Traditionally, military leaders in Afghanistan have been loyal to either the national leader or, more often, their local tribal leader. Their allegiances have been to their tribe, to their province, to the country, and their religion, in that order. The academy had undertaken the task of developing the cadet's loyalty to the 2004 Constitution of Afghanistan, rather than any one individual. Another philosophy was training the cadets to understand that there are circumstances when it is acceptable to disobey orders when that order is in conflict with the national constitution.

Cadets are bound to an honor code in which they pledge not to cheat, lie, steal or conspire to deceive.

== Role of the Coalition ==
The United States has taken the lead in providing advisors and funding to the Academy through Combined Security Transition Command - Afghanistan (CSTC-A). The team consists of 6 to 20 members at any given time with the responsibility of mentoring academy leadership, staff sections, academic departments and sports teams.

Turkey provided a team of academic mentors to the academy and had assisted in establishing a Turkish Language program, computer science department and mathematics department. They have also provided funding for the establishment of recreational facilities.

France and Germany had provided some assistance in developing language courses at the academy.
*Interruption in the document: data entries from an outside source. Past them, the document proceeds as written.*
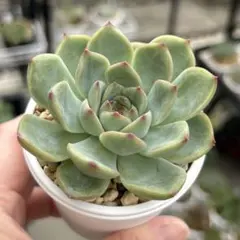 多肉植物 キャラリアン② 抜き苗 - メルカリ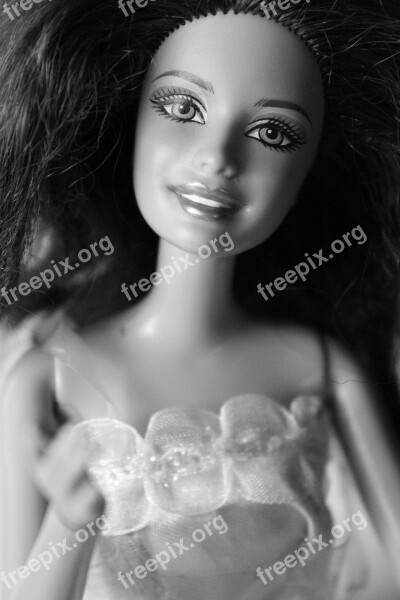 Barbie Doll Beauty Hairstyle Portrait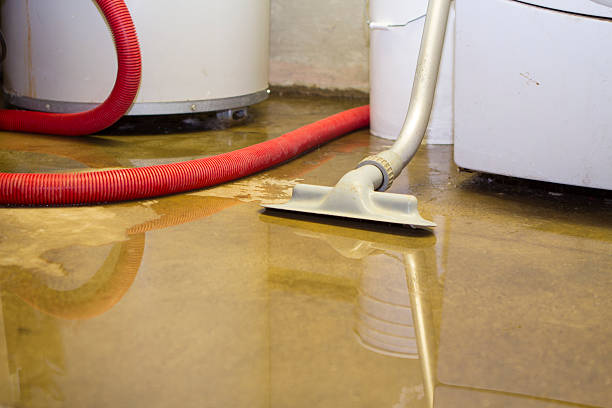 Best Flood restoration services  in Willimantic, CT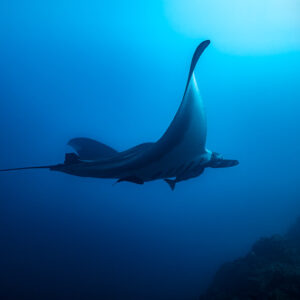 Giant oceanic manta ray with raised wing above rocky slope, El Cañón (San Benedicto), Revillagigedo, Mexico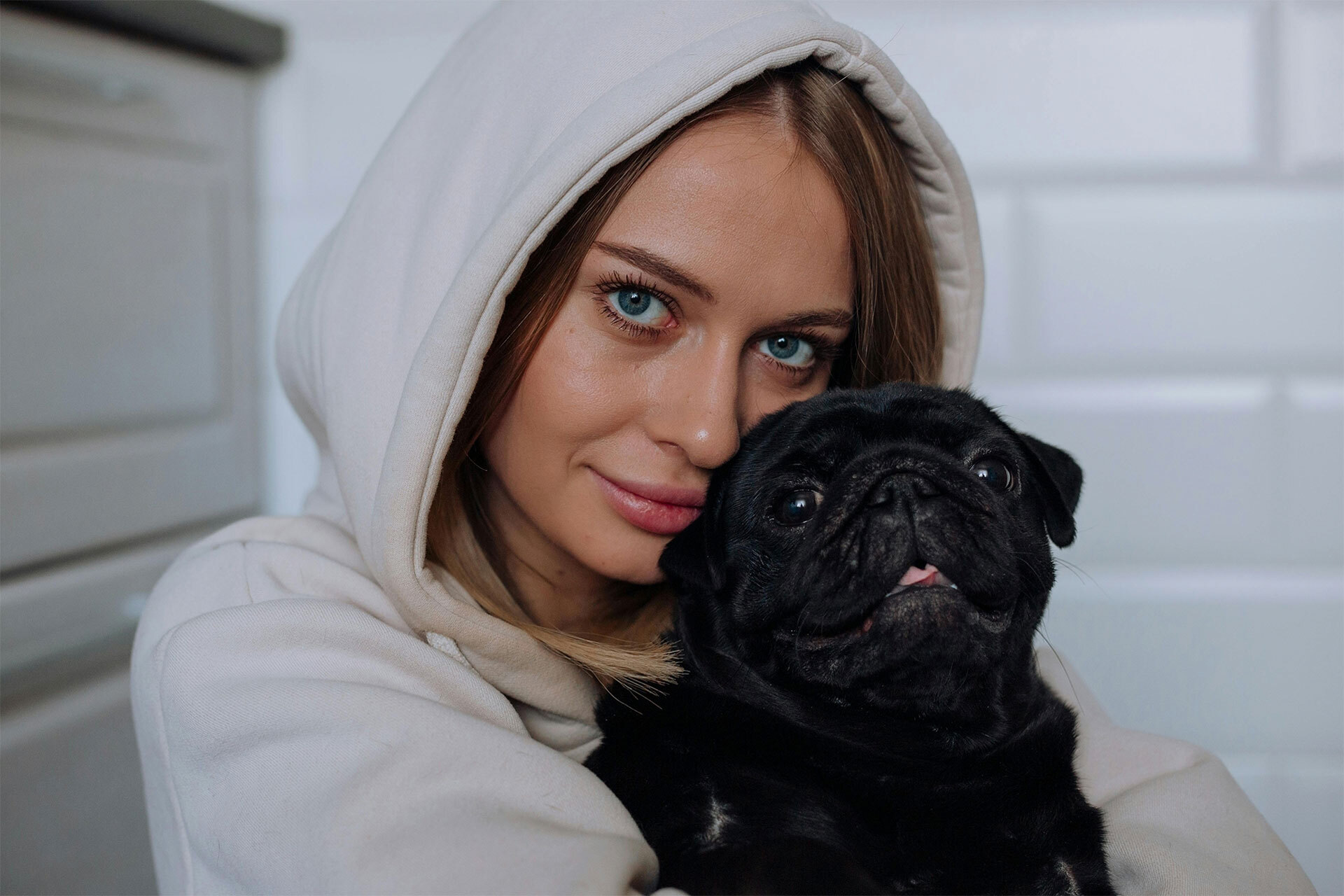topdog-2.jpg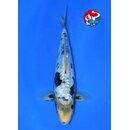 Taniguchi - Narita VHQ Showclass Ginrin Kumonryu 33cm...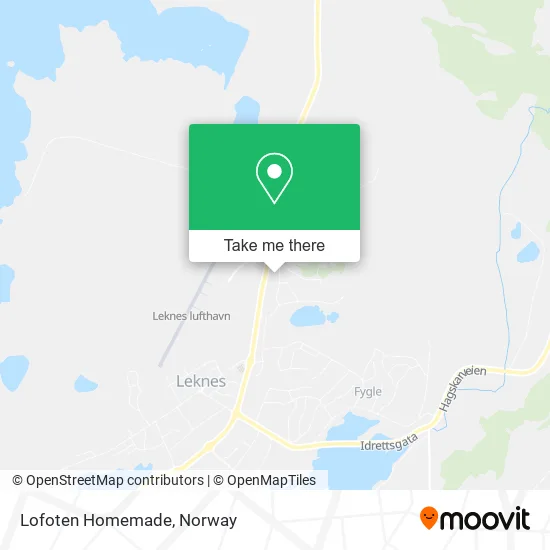 Lofoten Homemade map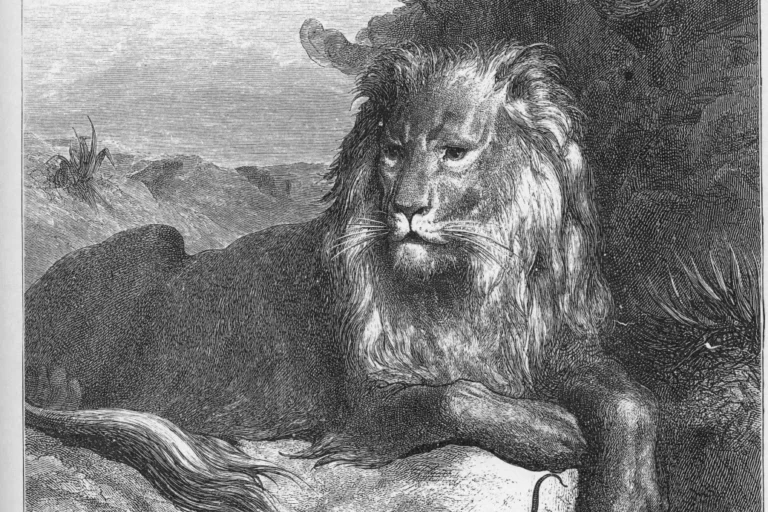 A kegyes oroszlán nem falja fel a nyavalyás férgecske egeret a mesében, amit Orbán idézhetett Putyinnak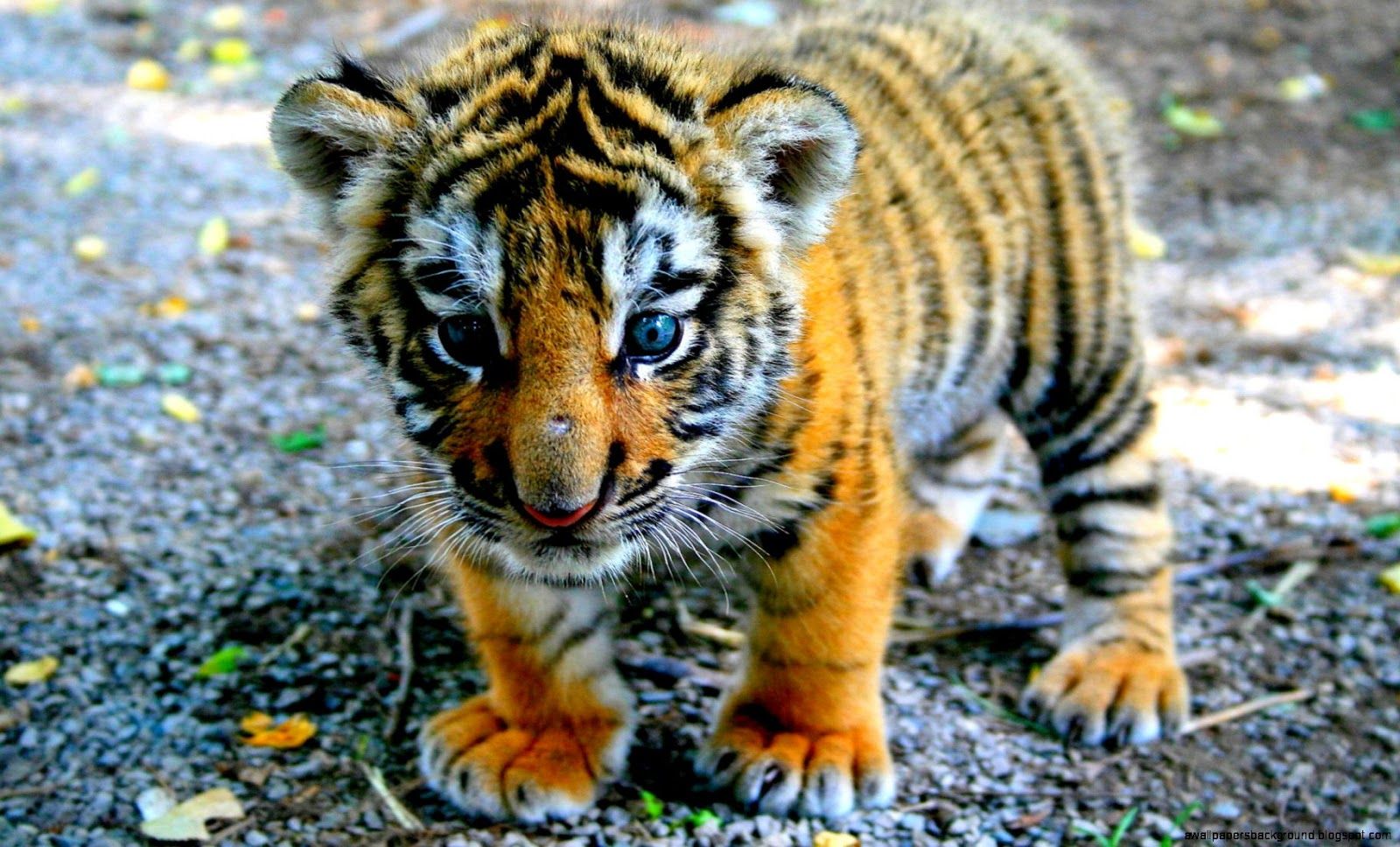 Cute TigersWallpapers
Unlike most embedded training teams, the coalition teams present at the academy frequently have female officers and NCOs in order to demonstrate the capabilities of women in the military.

==Female enrollment==
The academy had about 40 female students enrolled in medical studies. This co-ed major enabled females to study on campus, although they are housed in dormitories at a non-military university in the area. The academy anticipated having 10% female population enrolled as cadets by 2017.
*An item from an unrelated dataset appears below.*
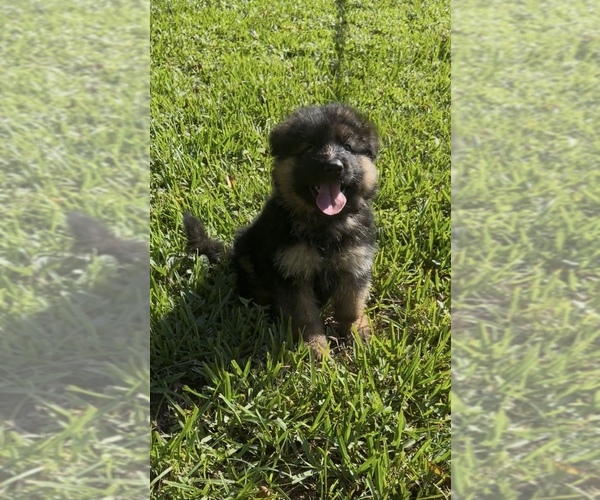 Medium Photo #1 German Shepherd Dog Puppy For Sale in PAHOKEE, FL, USA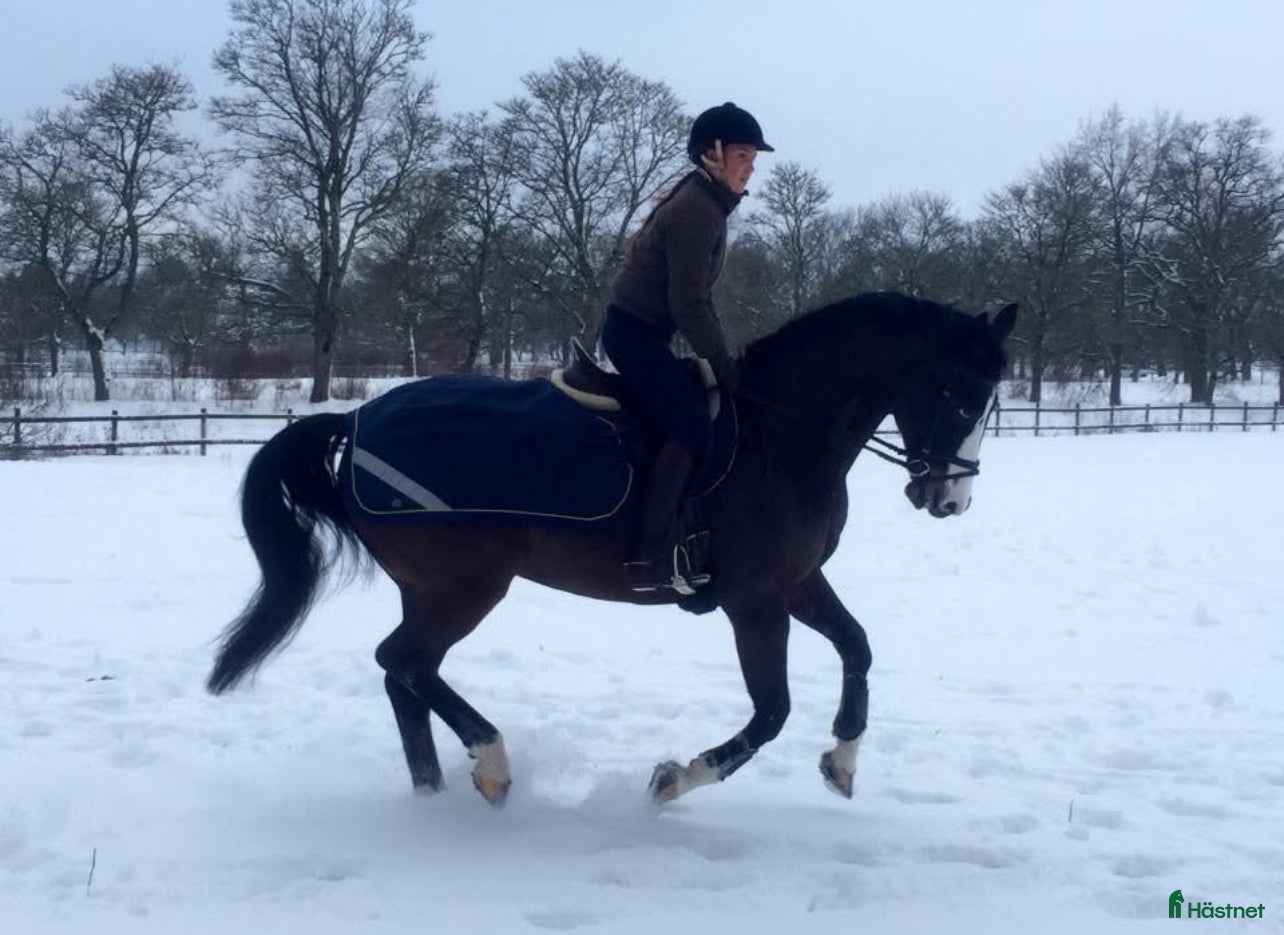  medryttarhäst sökes: Erfaren ryttare söker medeyttarhäst i Sundbyberg - Annons 9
== Relationship with foreign military academies ==
Afghan military leaders conducted an international study in which they visited Kara Harp Okulu (the Turkish Military Academy); Royal Military Academy Sandhurst, the service academy of the United Kingdom; and the United States Military Academy at West Point.

The Afghans selected the U.S. to be the model for their academy. Afghan military leaders visited West Point twice, in the spring of 2004 and 2005, to understand how West Point integrates the developmental activities in the Academic, Military, Physical and Moral-Ethical areas to produce graduates who are prepared for the challenges of leading soldiers.
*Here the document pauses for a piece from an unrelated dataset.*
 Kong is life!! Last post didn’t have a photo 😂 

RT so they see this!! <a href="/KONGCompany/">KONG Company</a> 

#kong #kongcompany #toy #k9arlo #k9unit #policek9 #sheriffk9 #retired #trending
The United States Air Force Academy was providing mentors for their developing Air Force program.

== Reconstruction ==
The site of the academy is at the previous Air Academy that was established by the Soviet Union when they occupied Afghanistan through the 1980s. The site was nearly destroyed during the years of civil war and the coalition invasion of October 2001.

The United States and Turkey have taken the lead in reconstructing the site while planning and developing the future site of the academy in the Qargheh section of Kabul. The estimated cost of the reconstruction is around $100 million.

Cadets at West Point assisted in the creation of a distributed application for the purpose of managing grades for the Afghan cadets. The building officially shut down on August 15, 2021.